Confirmation methods improve data quality and reliability, but delay sharing of information obtained from wastewater to stakeholders, and subsequently delay any associated public health actions. The ethical guidelines of wastewater-based surveillance call for both assuring high quality, reliable data as well as effectively reporting in a timely manner (Hrudey et al., 2021). For emergent diseases requiring novel assays, information sharing with stakeholders could couple early results with clear descriptions of methodological uncertainty (Maxim and van der Sluijs 2011).

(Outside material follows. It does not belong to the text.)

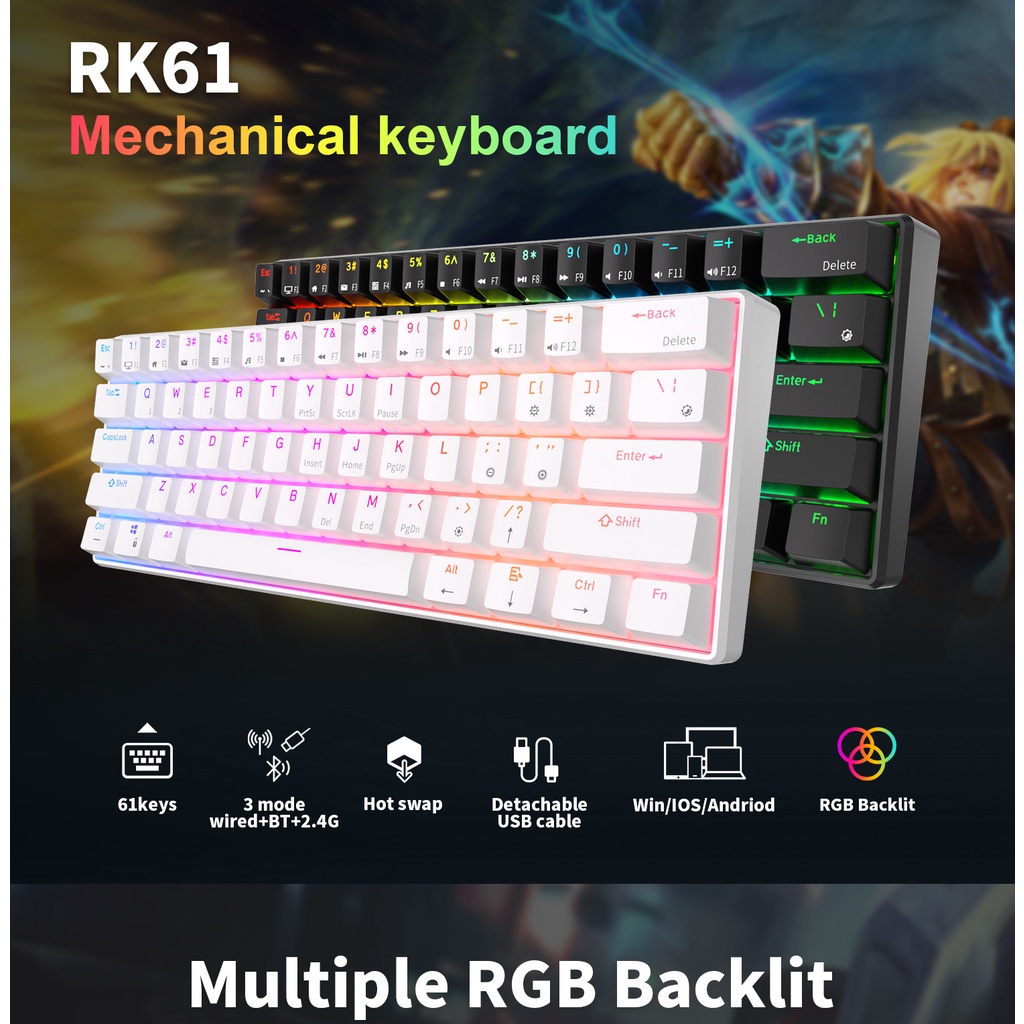 Royal Kludge RK61 Bluetooth 3.0 And USB C 2.4G Tri Mode 61Key 60% ...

Uncertainty in Reported Clinical Case Data Confounds Assessment of Wastewater for Surveillance

The alignment observed here between reported clinical cases and wastewater-based data assume reported clinical cases is an accurate indicator of both magnitude and timing of infections in the community. In reality, reported clinical cases likely represent only a portion of true cases, and only a portion of infections shed DNA into wastewater. Furthermore, the timing of clinical case reporting may be shifted from the timing of DNA shedding. Detection of DNA in wastewater can therefore occur despite an absence of reported clinical cases for a number of reasons: 1) reported clinical cases likely represent only a portion of the true number of infections, 2) infected people shed for weeks after symptom onset (Pieró-Mestres et al., 2022), and there may be misalignment in the timing of a reported case and shedding, and 3) people are mobile between catchments and may shed in different cantons to which they were tested. In the data set, five weeks were associated with detections in the absence of reported cases, all within CDA Lugano in Ticino, which reported the lowest incidence rate of the three catchments. Improved clinical surveillance, and surveys to understand mobility of cases within and between wastewater catchment areas, could improve understanding of alignment between cases and wastewater data.

Our findings support a recommendation for the use of a liberal definition of the limit of detection in wastewater-based surveillance programs, particularly for emergent diseases circulating at low prevalence. Timely access to this data may help inform rapid responses and resource allocation during a public health crisis. However, we note that liberal definitions are potentially associated with higher risks of false positives; this risk should be clearly communicated to public health officials for consideration in their decision making process. Reevaluation of the definition of the lower of the detection is nevertheless recommended, for example: 1) after an assay is established and sensitivity and specificity have been assessed; 2) if the threat of disease spread is low, or the disease is already endemic; or 3) if clinical surveillance is deemed sufficiently robust to warrant reduced reliance on detection based on wastewater surveillance.

Conclusions

Mpox DNA was detectable in the wastewater influent from three treatment plants in Switzerland, with the probability of detection statistically significantly linked with the number of reported clinical cases at the cantonal level. Wastewater-based surveillance approaches may provide rapid insights into the extent (geographic distribution, magnitude of disease burden) of emerging pathogens, even those intermittently detected at low concentrations. Increasing the timeliness of the response of wastewater-based surveillance to an emergent pathogen would benefit from further early investments in prioritizing surveillance as a complementary approach to clinical surveillance; development of assays and archiving associated molecular material (primers, probes, positive controls) for potential threats; and recognizing uncertainties associated with detection and risks of false positives.